Focusing on what should be seen, felt, and given in each of our separate or collective places, Park’s works seek to become another object in their own right instead of mere mediums that represent something else. This domain of paintings which would simultaneously enable the works to serve as both the subjects and the objects may also be inclusive of the rational possibility of abandoning either status as the subject or object. In that moment, Park’s works obscures the boundary of communication which thus far had remained a domain of compromise, expanding into the domain of eradicated attempts and explosive possibilities. The multi-editing method that Park uses to open this new channel of empathy seeks to shed light solely on the value of truthfulness. Consequently, the multiple layers hidden beneath the airbrushed paint, the duality hidden behind monotony, the harmony between dissonance, the distance and direction between movement and fixation, revelation, hiding, and overlaying bring the non-artistic sensation of physics and engineering into the realm of art; at the same time, it posits a fundamental question at our long held perspective on the position of art.

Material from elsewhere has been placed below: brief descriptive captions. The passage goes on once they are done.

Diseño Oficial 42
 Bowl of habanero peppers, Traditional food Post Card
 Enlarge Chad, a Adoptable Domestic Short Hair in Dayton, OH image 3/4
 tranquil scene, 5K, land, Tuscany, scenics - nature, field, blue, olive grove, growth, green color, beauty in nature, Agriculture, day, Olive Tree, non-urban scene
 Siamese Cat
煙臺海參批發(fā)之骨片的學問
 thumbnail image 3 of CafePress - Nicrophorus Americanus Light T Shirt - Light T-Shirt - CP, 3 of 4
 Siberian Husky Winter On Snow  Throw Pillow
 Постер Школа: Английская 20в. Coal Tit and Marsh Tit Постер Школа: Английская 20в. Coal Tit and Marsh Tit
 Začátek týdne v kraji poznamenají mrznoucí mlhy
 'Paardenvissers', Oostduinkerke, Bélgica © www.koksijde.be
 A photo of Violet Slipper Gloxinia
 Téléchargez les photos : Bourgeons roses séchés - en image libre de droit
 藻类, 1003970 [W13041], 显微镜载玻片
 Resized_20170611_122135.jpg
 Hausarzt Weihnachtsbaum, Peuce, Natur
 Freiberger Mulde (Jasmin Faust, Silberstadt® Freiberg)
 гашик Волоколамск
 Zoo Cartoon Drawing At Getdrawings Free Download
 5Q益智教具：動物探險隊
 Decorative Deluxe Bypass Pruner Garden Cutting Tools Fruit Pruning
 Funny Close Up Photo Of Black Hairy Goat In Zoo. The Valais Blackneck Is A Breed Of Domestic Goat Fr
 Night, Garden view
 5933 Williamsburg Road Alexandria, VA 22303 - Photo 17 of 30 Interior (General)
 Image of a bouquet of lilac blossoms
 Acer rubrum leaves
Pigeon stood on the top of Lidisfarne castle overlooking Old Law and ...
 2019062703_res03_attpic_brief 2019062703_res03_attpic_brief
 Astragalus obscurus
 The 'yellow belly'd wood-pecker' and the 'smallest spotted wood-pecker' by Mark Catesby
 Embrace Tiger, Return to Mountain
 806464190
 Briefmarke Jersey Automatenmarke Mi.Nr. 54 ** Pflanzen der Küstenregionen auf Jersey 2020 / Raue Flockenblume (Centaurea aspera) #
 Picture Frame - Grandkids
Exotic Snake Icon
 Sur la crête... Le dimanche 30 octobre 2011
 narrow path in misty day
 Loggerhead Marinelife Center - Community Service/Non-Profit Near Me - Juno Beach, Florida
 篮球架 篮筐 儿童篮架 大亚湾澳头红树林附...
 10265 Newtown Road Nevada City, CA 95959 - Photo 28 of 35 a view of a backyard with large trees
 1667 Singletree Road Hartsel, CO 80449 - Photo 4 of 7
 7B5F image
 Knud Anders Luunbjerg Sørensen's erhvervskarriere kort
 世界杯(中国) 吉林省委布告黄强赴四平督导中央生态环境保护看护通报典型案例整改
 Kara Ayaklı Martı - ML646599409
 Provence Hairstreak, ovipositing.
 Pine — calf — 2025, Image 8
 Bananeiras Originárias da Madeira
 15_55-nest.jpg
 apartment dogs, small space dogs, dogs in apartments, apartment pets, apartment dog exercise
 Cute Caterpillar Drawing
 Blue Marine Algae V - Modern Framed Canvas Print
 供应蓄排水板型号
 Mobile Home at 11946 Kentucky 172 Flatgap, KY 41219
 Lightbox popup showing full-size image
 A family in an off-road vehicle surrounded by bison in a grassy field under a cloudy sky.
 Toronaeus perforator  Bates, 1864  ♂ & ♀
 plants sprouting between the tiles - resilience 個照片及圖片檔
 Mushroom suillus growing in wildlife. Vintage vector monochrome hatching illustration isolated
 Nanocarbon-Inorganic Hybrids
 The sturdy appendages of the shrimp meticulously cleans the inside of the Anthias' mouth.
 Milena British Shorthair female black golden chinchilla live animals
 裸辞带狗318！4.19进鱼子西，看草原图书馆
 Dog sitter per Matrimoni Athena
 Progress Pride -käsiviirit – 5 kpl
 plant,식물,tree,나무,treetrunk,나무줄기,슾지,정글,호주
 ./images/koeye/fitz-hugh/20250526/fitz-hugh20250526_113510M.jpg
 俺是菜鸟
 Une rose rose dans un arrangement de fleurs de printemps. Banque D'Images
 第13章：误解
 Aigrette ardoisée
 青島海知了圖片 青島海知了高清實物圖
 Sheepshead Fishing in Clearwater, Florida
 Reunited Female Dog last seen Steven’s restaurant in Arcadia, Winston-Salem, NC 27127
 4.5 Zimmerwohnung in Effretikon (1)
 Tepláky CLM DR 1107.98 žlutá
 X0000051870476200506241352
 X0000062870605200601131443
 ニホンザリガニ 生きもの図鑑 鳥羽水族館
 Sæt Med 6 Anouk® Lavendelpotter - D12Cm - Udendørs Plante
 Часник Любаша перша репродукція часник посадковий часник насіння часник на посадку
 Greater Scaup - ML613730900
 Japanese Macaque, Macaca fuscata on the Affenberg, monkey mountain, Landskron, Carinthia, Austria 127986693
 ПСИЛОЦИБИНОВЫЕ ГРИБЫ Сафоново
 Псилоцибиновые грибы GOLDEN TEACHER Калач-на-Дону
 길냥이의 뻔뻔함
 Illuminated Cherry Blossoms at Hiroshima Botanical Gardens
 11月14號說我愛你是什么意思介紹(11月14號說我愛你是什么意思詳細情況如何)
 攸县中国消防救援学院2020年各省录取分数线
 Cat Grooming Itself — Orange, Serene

As can be seen, Park’s works challenge us to reexamine the intersection between paintings and exhibitions by directing our eyes first to the non-paintings (conventionally speaking) and non-exhibitions (of conventional paintings). Moreover, this enables us to view non-art as art and vice versa. Such expansion of the domain of art present in Park’s works probably attributed to my association of his exhibition with alchemy. Dissolving sugar with water would make little difference in the resulting solution, but its taste will be very different. Likewise, introducing air as the solvent to dissolve a solute may keep its physical properties by change the product of the appreciation it emits. Likewise, Park’s metaphysical practice of his art refines the value of a new gold. There, only the determination to transcend beyond the ambiguous and arbitrary appreciation will encounter true mutual understanding. And that is what Park will ultimately reach with clarity. The spacetime wherein we will first encounter the sediments of the things between us has always been here and now.